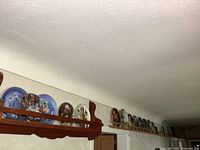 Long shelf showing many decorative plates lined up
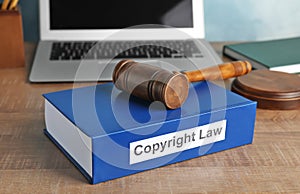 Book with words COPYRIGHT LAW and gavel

...

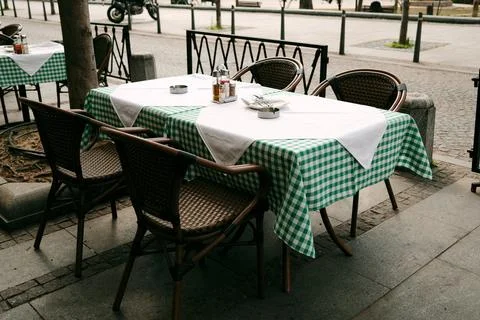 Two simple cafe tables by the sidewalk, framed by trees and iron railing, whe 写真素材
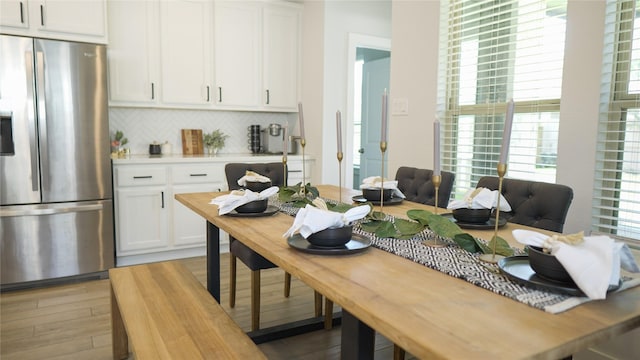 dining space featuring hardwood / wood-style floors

Exercise aim:
Print exactly the lines above that run from the one with "Long shelf showing" to the one with "Book with words COPYRIGHT LAW and gavel", both included. No pictures.

Solution to this task:
 Long shelf showing many decorative plates lined up
 Book with words COPYRIGHT LAW and gavel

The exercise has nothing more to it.